Hi, I made a custom train/valid/test split dataset of the VCTK dataset after downsampling it to 16khz and taking only the first 44,455 files (the mic1 files) as follows:

from datasets import load_dataset

vctk = load_dataset("vctk")
mic1_vctk = vctk.filter(lambda e, i: i<44455, with_indices=True)

# downsample dataset sampling rate to 16khz
from datasets import Audio

mic1_vctk = mic1_vctk.cast_column("audio", Audio(sampling_rate=16_000))

# split dataset into train/valid/test 80/10/10
from datasets import DatasetDict, dataset_dict

# first, 80% train, 20% test + valid
train_test_vctk = mic1_vctk["train"].train_test_split(shuffle = True, seed = 200, test_size=0.2)
# split 20% test + valid in half
test_valid_vctk = train_test_vctk['test'].train_test_split(shuffle = True, seed = 200, test_size=0.50)
# gather for single DatasetDict
train_test_val_dataset_vctk = DatasetDict({
    'train': train_test_vctk['train'],
    'test': test_valid_vctk['test'],
    'dev': test_valid_vctk['train']})

I then pushed train_test_val_dataset_vctk to a private dataset repo on the hub.

train_test_val_dataset_vctk.push_to_hub("REPO_NAME")
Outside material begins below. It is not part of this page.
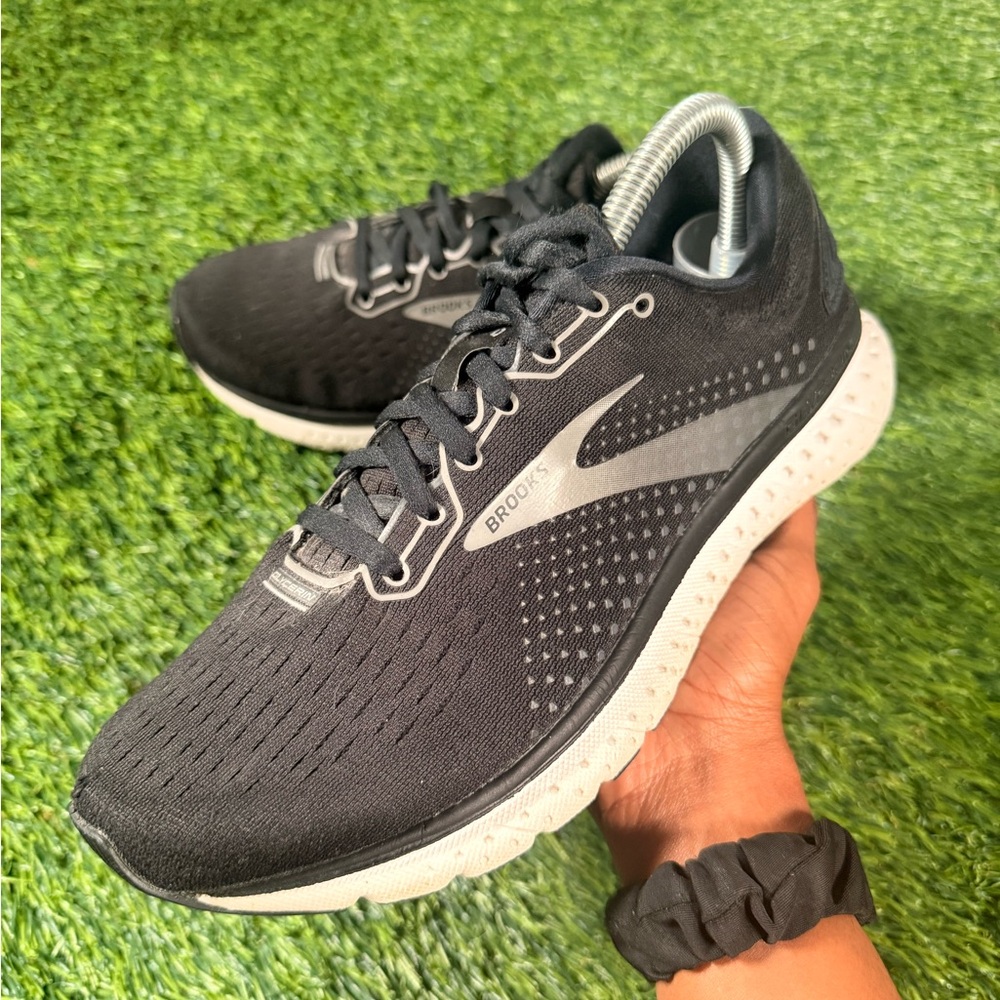 Brooks Women’s Glycerin 18 size 8 Black /White - Picture 2 of 9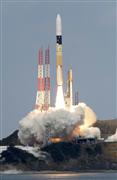 小惑星探査機「はやぶさ２」を搭載して打ち上げられるＨ２Ａロケット２６号機＝３日午後、鹿児島県南種子町の種子島宇宙センター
Three parquets corresponding to each split was uploaded to the hub, as well as a dataset_infos.json file. However, when I try to reload the dataset that was pushed to the hub I get a “FileNotFoundError: [Errno 2] No such file or directory” for the .flac files when trying to preview the dataset:

dataset = load_dataset("seraphina/REPO_NAME", use_auth_token=True)

dataset["train"][0]

FileNotFoundError: [Errno 2] No such file or directory: ‘/root/.cache/huggingface/datasets/downloads/extracted/11c6712f5ee425ed0d423d179eab7ae93e392fe0e12540a1aa9929325a31ac71/wav48_silence_trimmed/p247/p247_202_mic1.flac’

How can I split the original VCTK dataset and ensure that all files are saved to the hub for me to reload in the future?

Hi! I tested this code with the most recent release of datasets, and it works as expected. Can you please update your installation of datasets (pip install -U datasets) and try again?

Hi! I’ve tried again but now I am unable to push the dataset to the hub as my Google colab crashes after using all available RAM during the push process. Is there a recommended way to avoid using up all the RAM while running push_to_hub?

Each shard is brought in memory before uploading. You can try to reduce max_shard_size in push_to_hub(). The default is 500MB

I trained the model in Colab and used pickle.dump to save the model file. The next day, I tried to load the model file, and I get the same error. os.getcwd() shows the file exists. I don’t know why Python goes through a temporary folder, ,‘/root/.cache/huggingface/datasets/csv/outpatient-edea352f28a0221a/0.0.0/6954658bab30a358235fa864b05cf819af0e179325c740e4bc853bcc7ec513e1/csv-train.arrow’, which is addressed in the error message. It seems when the runtime is restarted some temporary folders and files are lost and Python tries to catch them.

Here is the error message:
‘/root/.cache/huggingface/datasets/csv/outpatient-edea352f28a0221a/0.0.0/6954658bab30a358235fa864b05cf819af0e179325c740e4bc853bcc7ec513e1/csv-train.arrow’

If I retrain the model and save it, this time, pickle.load works without any error.